## Task details
Return, from the data below, each line that contains the word "flooring".

-- Material provided follows --

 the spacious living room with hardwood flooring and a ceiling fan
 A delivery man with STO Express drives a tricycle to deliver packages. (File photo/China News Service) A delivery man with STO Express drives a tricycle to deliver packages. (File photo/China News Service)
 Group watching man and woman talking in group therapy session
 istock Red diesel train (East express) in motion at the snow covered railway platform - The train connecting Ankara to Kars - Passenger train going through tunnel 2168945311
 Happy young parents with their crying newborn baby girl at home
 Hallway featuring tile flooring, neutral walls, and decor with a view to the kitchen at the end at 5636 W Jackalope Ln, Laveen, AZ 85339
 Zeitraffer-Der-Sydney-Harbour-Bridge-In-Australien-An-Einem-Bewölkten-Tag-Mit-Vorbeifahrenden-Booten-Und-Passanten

-- Material provided concluded --

## Response below
 the spacious living room with hardwood flooring and a ceiling fan
 Hallway featuring tile flooring, neutral walls, and decor with a view to the kitchen at the end at 5636 W Jackalope Ln, Laveen, AZ 85339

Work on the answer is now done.